A hand spoons sauce from a copper pot onto an ornate dish
The finishing touch
Enrico Bartolini/Facebook

In 2015, the Prada family opened the Fondazione Prada museum to showcase the family’s extensive art collection. The multibuilding complex became a contemporary art destination, attracting visitors to a former gin distillery on the southern edge of the city. Diners came too for the celebrated Bar Luce, designed by Wes Anderson with trompe-l’oeil wall decorations and pinball machines. But head for the bar’s more mature sibling, Torre (“tower”), an upscale restaurant that opened in 2018 on the sixth floor of the newest building.
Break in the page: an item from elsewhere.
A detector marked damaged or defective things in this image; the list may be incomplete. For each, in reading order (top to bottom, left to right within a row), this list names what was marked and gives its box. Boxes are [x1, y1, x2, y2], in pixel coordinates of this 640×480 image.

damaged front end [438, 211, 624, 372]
The restaurant boasts one of the city’s most stunning dining spaces, decorated with works by Lucio Fontana and John Baldessari, as well as an expansive triangular terrace ideal for sunset aperitivi. Young Livorno-born chef Lorenzo Lunghi serves modern Milanese fare and seafood dishes influenced by Tuscan coastal cuisine. Freshly baked bread and sweets come from Marchesi, Milan’s most celebrated antica pasticceria, which the Prada family purchased in 2015 and expanded into a mini-franchise.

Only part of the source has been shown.